Africa to lobby for US$650 billion worth of SDRs
Harare (New Ziana) –African countries have agreed to collectively push the International Monetary Fund (IMF) to release at least US$650 billion worth of Special Drawing Rights (SDRs) to cushion them from the effects of the COVID-19 pandemic.
This is contained in a communiqué released early this week at the end of a meeting of the continent’s Finance Ministers ahead of the World Bank/ IMF spring meetings set for next month.
SDRs are an international reserve asset, created by the IMF in 1969 to supplement its member countries’ official reserves and provide liquidity support when experiencing balance of payments crisis.
An SDR allocation provides each recipient country with a costless asset which countries can use as they want, without any conditionalities.
SDRs are distributed in proportion to IMF members’ quotas (Around 60 percent to global north, 40 percent to emerging markets and developing economies, of which 3 percent has gone to Low Income Countries).
So far, there have been 3 General Allocations from 1970-72, 1979-81 and 2009 to address the global financial crisis and totalled US$250 billion.
Since the onset of the COVID-19 pandemic, calls have grown for the approval of a new SDR allocation.
The African Finance Ministers said they were deeply concerned about the impact of COVID-19 on the African economy, which, for the first time in more than two decades went into a recession.
Real GDP growth contracted by 2.4 percent in 2020 while an estimated 30 million people lost their jobs and slipped into poverty.
The COVID-19 pandemic has also triggered credit rating downgrades in at least twelve African countries, while six others are now in debt distress.

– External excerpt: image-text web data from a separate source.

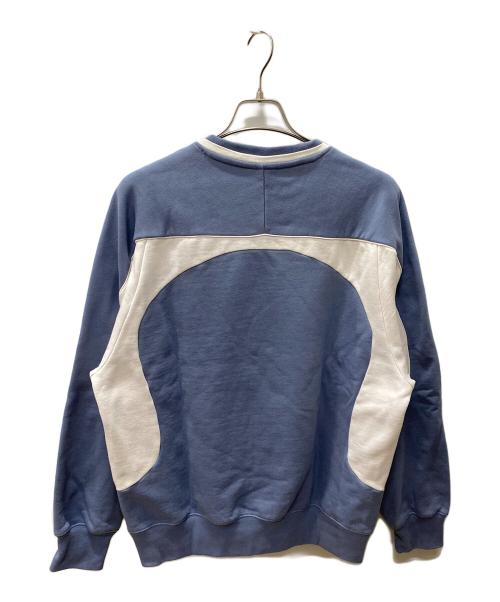 PALACE SKATEBORDS（パレス）PALACE SKATEBORDS (パレス) クルーネクスウェット ブルー サイズ:Mの古着・服飾アイテム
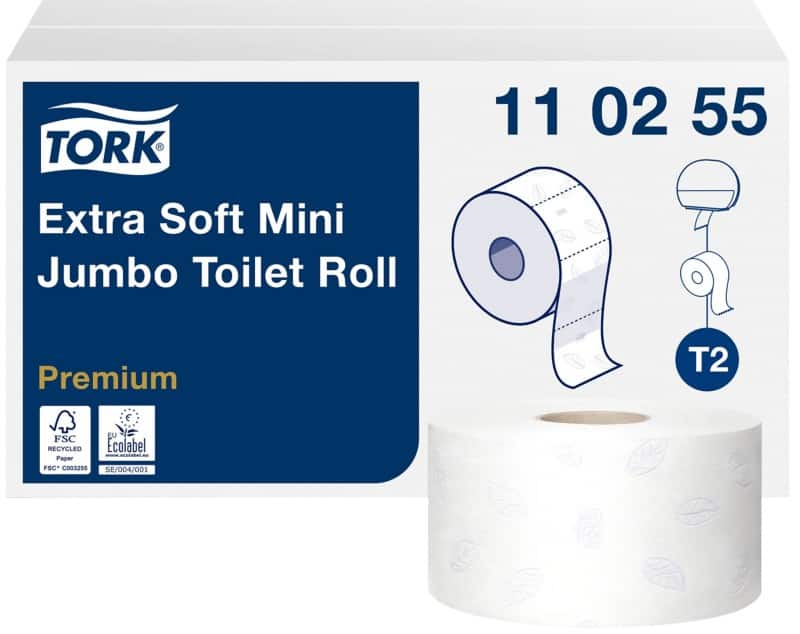 Tork Mini Jumbo Toiletpapier T2 3-laags 110255 12 Rollen à 600 Vellen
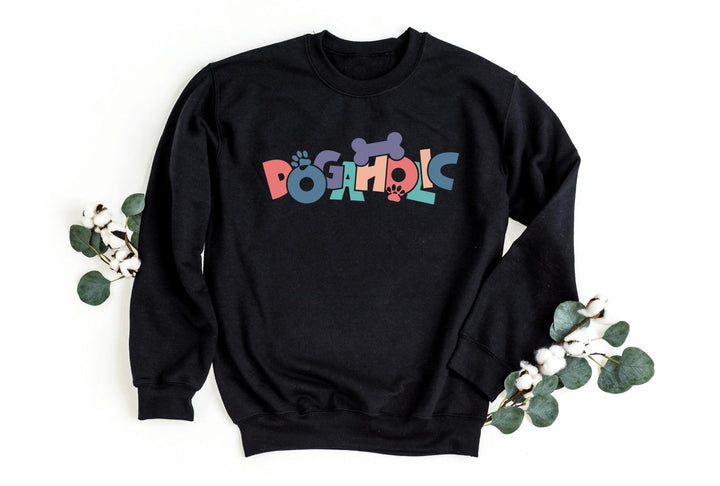 Sweatshirts-Dogaholic Sweatshirt-S-Black-Jack N Roy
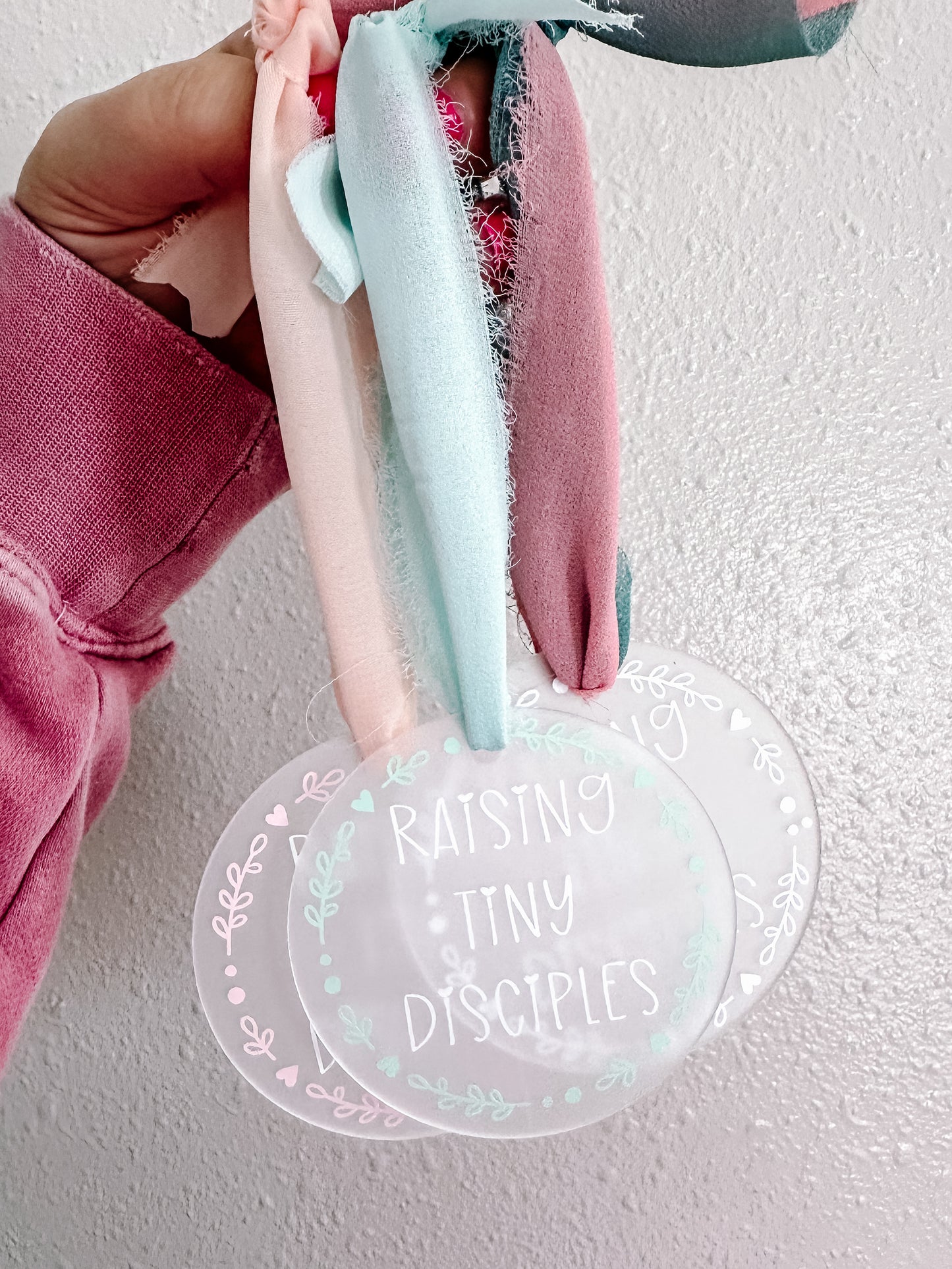Raising Tiny Disciples Car Charm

“A swift, bold and positive response on SDRs in the range of $500 billion to $650 billion is now needed to arrest the devastating impact of this externally induced crisis on the continent,” the Ministers said.
“We are conscious of the fact that new issuances of SDRs are infrequent and often contested events. To this end, we believe that, it is imperative that we seize the moment by leveraging these resources to power catalytic investments in Africa’s recovery. The SDRs must be transformative for Africa and help the continent to access the trillions of dollars needed for a green recovery.”
Approval of a new allocation is first proposed by the IMF managing director, then supported by the executive board and requires an 85 percent majority of voting power by the board of governors.
The Finance Ministers said they were encouraged by debt relief initiatives such as the G20 Debt Service Suspension Initiative (DSSI) which suspended the debt repayments for 73 of the world’s low income countries by six months until June 2021.
The DSSI has postponed an estimated $5.1 billion in debt service payments by eligible African countries.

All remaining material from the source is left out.